Имена иностранных городов, как и древних наций, также не внушают ему трепета и не подавляют его. О путешествиях он говорит: «У меня нет грубого возражения против кругосветного путешествия ради искусства, учебы и благотворительности, при условии, что человек сначала одомашнен или не отправляется за границу в надежде найти нечто большее, чем он знает. Тот, кто путешествует, чтобы развлечься или получить что-то, чего он не несет с собой, уезжает от самого себя и стареет даже в юности среди старых вещей. В Фивах, в Пальмире его воля и ум стали такими же старыми и ветхими, как они. Он несет руины к руинам. Путешествие — это рай для дураков. Мы обязаны нашим первым путешествиям открытием того, что место — ничто. Дома я мечтаю, что в Неаполе, в Риме я смогу опьянеть от красоты и потерять свою печаль. Я упаковываю свой сундук, обнимаю друзей, сажусь на корабль и, наконец, просыпаюсь в Неаполе, а рядом со мной суровый факт, печальное «я», неумолимое, идентичное, от которого я бежал. Я ищу Ватикан и дворцы. Я притворяюсь, что опьянен видами и внушениями, но я не опьянен. Мой гигант идет со мной, куда бы я ни пошел».
В еще более высоком тоне он пишет: «Существует один разум, общий для всех отдельных людей. Каждый человек — это вход к нему и ко всему, что в нем есть. Тот, кто однажды допущен к праву разума, становится свободным гражданином всего поместья. То, что думал Платон, он может думать; то, что чувствовал святой, он может чувствовать; то, что когда-либо случалось с любым человеком, он может понять. Кто имеет доступ к этому вселенскому разуму, тот является участником всего, что есть или может быть сделано, ибо это единственный и суверенный агент». Этот отрывок взят из начала эссе «Об истории», а эссе под названием «Природа» открывается похожим чувством. Он отвергает ретроспективный дух нашего века, который хотел бы «нарядить живущее поколение в маскарад из выцветшего гардероба прошлого». Он не хочет смотреть чужими глазами. «Почему бы и нам, — требует он, — не наслаждаться оригинальным отношением к вселенной? Почему бы нам не иметь поэзию и философию прозрения, а не традиции, и религию через откровение нам, а не историю их? Солнце светит и сегодня! Давайте требовать наши собственные дела, законы и поклонение».

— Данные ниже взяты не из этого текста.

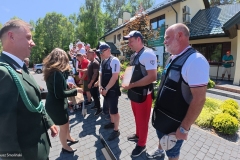 Krajowy-Konkurs-Kol-Lowieckich-podsumowanie-56
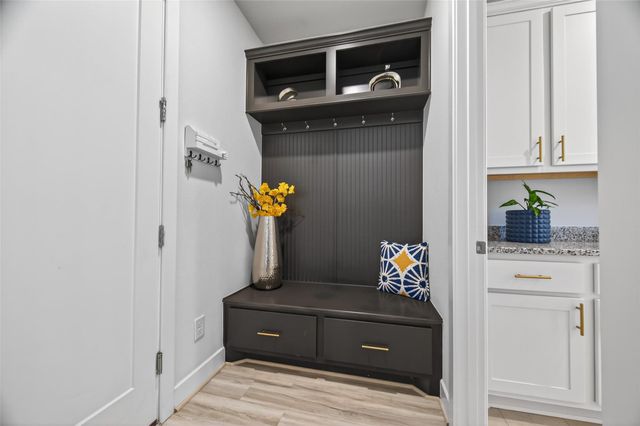 9010 Arkstone Canyon Court, Cypress, TX 77433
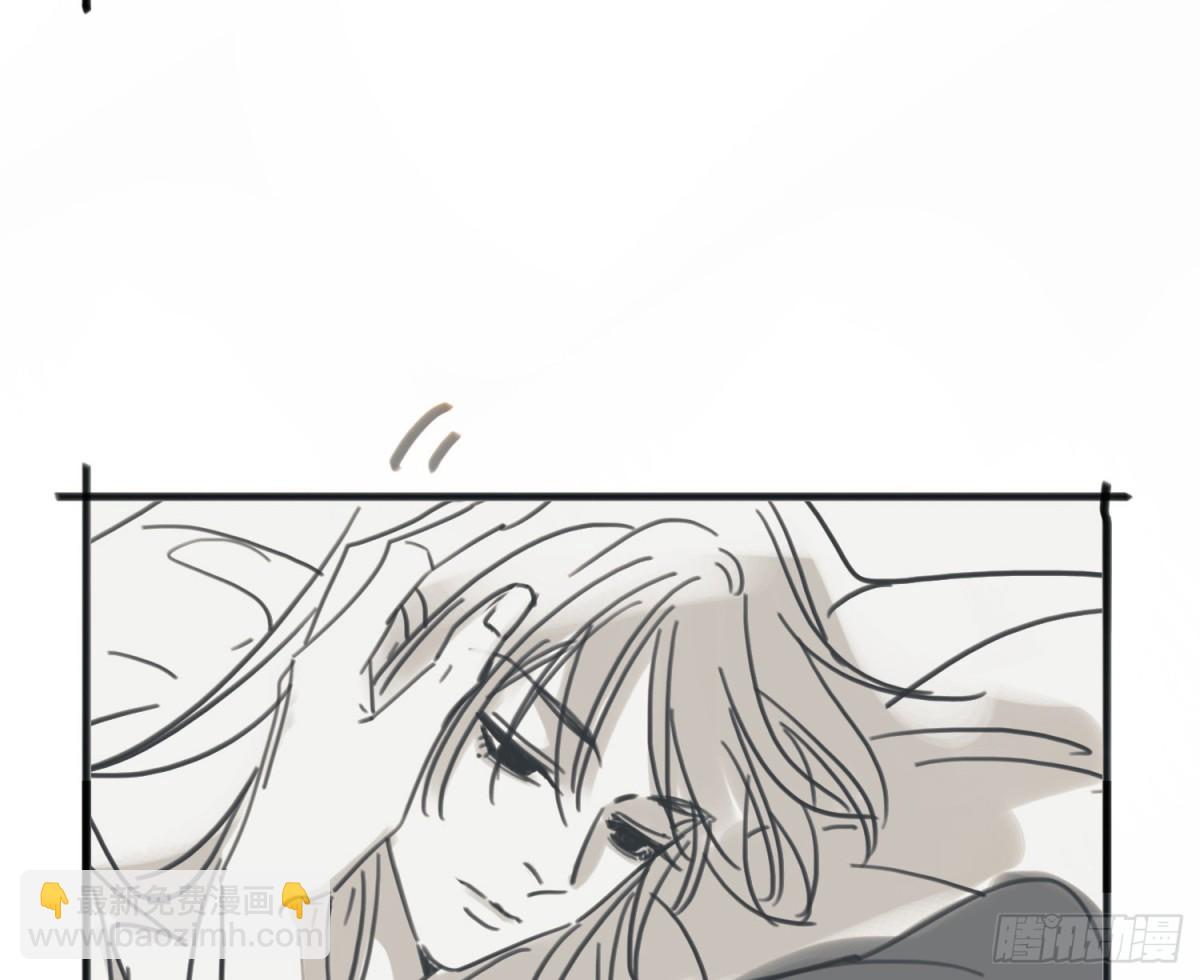 番外&middot;日常-第184话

В эссе «О самоуверенности» — название, которое могло бы охватить значительную часть его сочинений, — он говорит: «Наше чтение — нищенское и подобострастное. В истории наше воображение делает из нас дураков, играет с нами злую шутку. Королевство и господство, власть и поместье — это более крикливый словарь, чем частный Джон и Эдвард в маленьком доме и за обычной дневной работой: но вещи жизни одинаковы для обоих: сумма обоих одинакова. К чему все это почтение к Альфреду, Скандербегу и Густаву? Допустим, они были добродетельны: разве они износили добродетель?» И в более возвышенном настроении он продолжает: «Всякий раз, когда ум прост и получает божественную мудрость, тогда старые вещи проходят — средства, учителя, тексты, храмы падают. Откуда же тогда это поклонение прошлому? Века — заговорщики против здравия и величия души... Человек робок и извиняется. Он больше не стоит прямо. Он не смеет сказать «я мыслю», «я есть», но цитирует какого-нибудь святого или мудреца. Он стыдится перед травинкой или цветущей розой. Эти розы под моим окном не делают никакой отсылки к прежним розам или к лучшим; они есть то, что они есть; они существуют с Богом сегодня. Для них нет времени. Есть просто роза — совершенная в каждый момент своего существования. Но человек откладывает или вспоминает; он не живет в настоящем, но с обращенным назад взором оплакивает прошлое или, не обращая внимания на богатства, которые его окружают, стоит на цыпочках, чтобы предвидеть будущее. Он не может быть счастлив и силен, пока он тоже не живет с природой в настоящем, вне времени».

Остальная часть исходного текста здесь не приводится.